Running this command will create a new pipeline configuration file called my_pipeline.yaml that reads from stdin, applies a simple mapping processor, and writes to stdout.

input:
  stdin:
    scanner:
      lines: {}
    auto_replay_nacks: true
buffer:
  none: {}
pipeline:
  threads: -1
  processors:
    - mapping: "" # No default (required)
output:
  stdout:
    codec: lines

How brilliant is that!? You can now run your pipeline with:

wombat -c my_pipeline.yaml

Everything you type into the terminal will be processed by Wombat and written back to the terminal. Obviously our job is done now and we can relish in the glory of our creation.

Structure

But just in case you are still hungry for more, here is a more detailed explanation of the configuration file. The configuration structure is made up of a number of root sections:

Core Components
Observability Components
Resource Components

Each of these sections can contain a number of components that are used to define the behaviour of the pipeline.

Core Components

Every Wombat pipeline configuration at least has one input and one output. A pipeline section containing allowing parallel execution is optional. Some more advanced pipeline configurations might want to rely on a buffer section as well to allow messages to be buffered before being flushed to the output or pipeline.

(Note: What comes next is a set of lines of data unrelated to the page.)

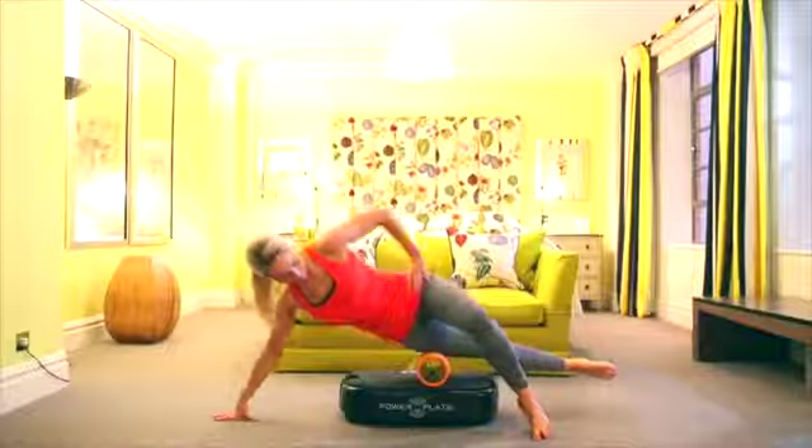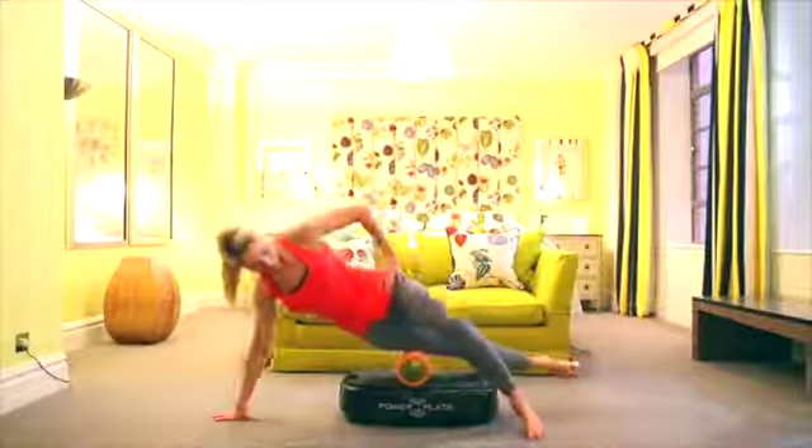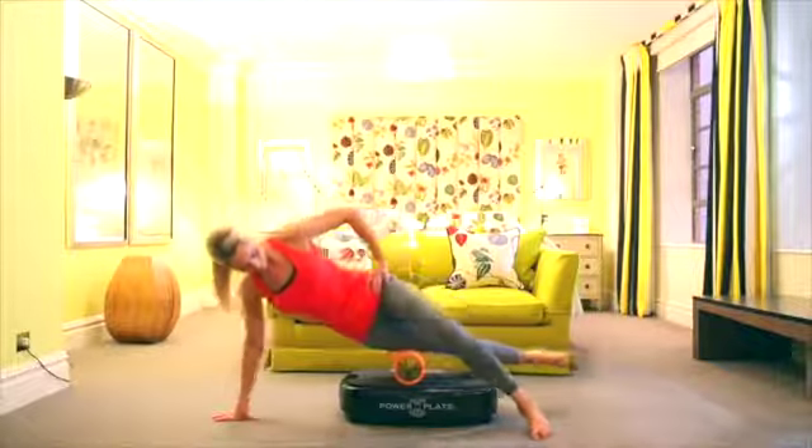It has all the benefits of PowerPlate in terms of stretching, strength, stability, massage, recovery and regeneration. It's also fantastic for weight loss and that anti-cellulite benefit.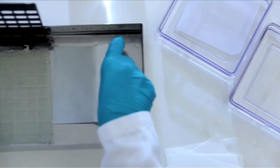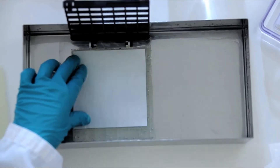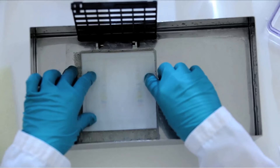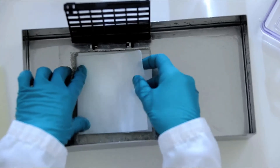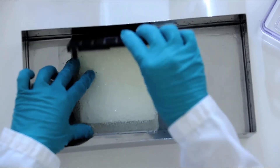Build the sandwich carefully, using two papers pre-wetted in transfer buffer on each side of the gel and membrane. It is important to remove all air bubbles from the sandwich. Carefully use a roller or a cut-down pipette or glass rod to squeeze them out.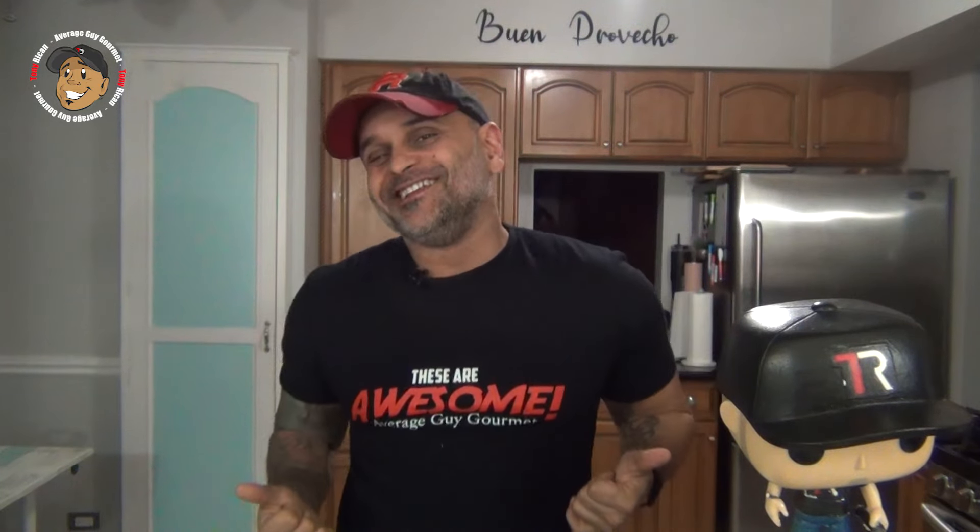What's up guys? Tony Rico here and today I'm gonna have a little bit of fun throwing down making some pimento cheese biscuit sliders. You know exactly what these are don't you? These are awesome! So let's just go ahead and get started and jump right into this one.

These components are considered to be the main components within Wombat as they provide the majority of useful behaviour.

input:
  kafka:
    addresses: [ TODO ]
    topics: [ foo, bar ]
    consumer_group: foogroup

buffer:
  type: none

pipeline:
  processors:
    - mapping: |
        message = this
        meta.link_count = links.length()

output:
  aws_s3:
    bucket: TODO
    path: '${! metadata("kafka_topic") }/${! json("message.id") }.json'

Resource Components

Resource components like caches and rate limits are referenced and shared among the core components.

input:
  http_client: # This is an input
    url: TODO
    rate_limit: foo_ratelimit # This is a reference to a rate limit

pipeline:
  processors:
    - cache: # This is a processor
        resource: baz_cache # This is a reference to a cache
        operator: add
        key: '${! json("id") }'
        value: "x"
    - mapping: root = if errored() { deleted() }

rate_limit_resources:
  - label: foo_ratelimit
    local:
      count: 500
      interval: 1s

cache_resources:
  - label: baz_cache
    memcached:
      addresses: [ localhost:11211 ]

It’s also possible to configure inputs, outputs and processors as resources which allows them to be reused throughout a configuration with the resource input, resource output and resource processor respectively.

Observability Components

Finally, there are the observability components http, logger, metrics, and tracing, which allows you to specify how Wombat exposes observability data:

http:
  address: 0.0.0.0:4195
  enabled: true
  debug_endpoints: false

logger:
  format: json
  level: WARN

metrics:
  statsd:
    address: localhost:8125
    flush_period: 100ms

tracer:
  jaeger:
    agent_address: localhost:6831

More details on observability and monitoring can be found in the observability section.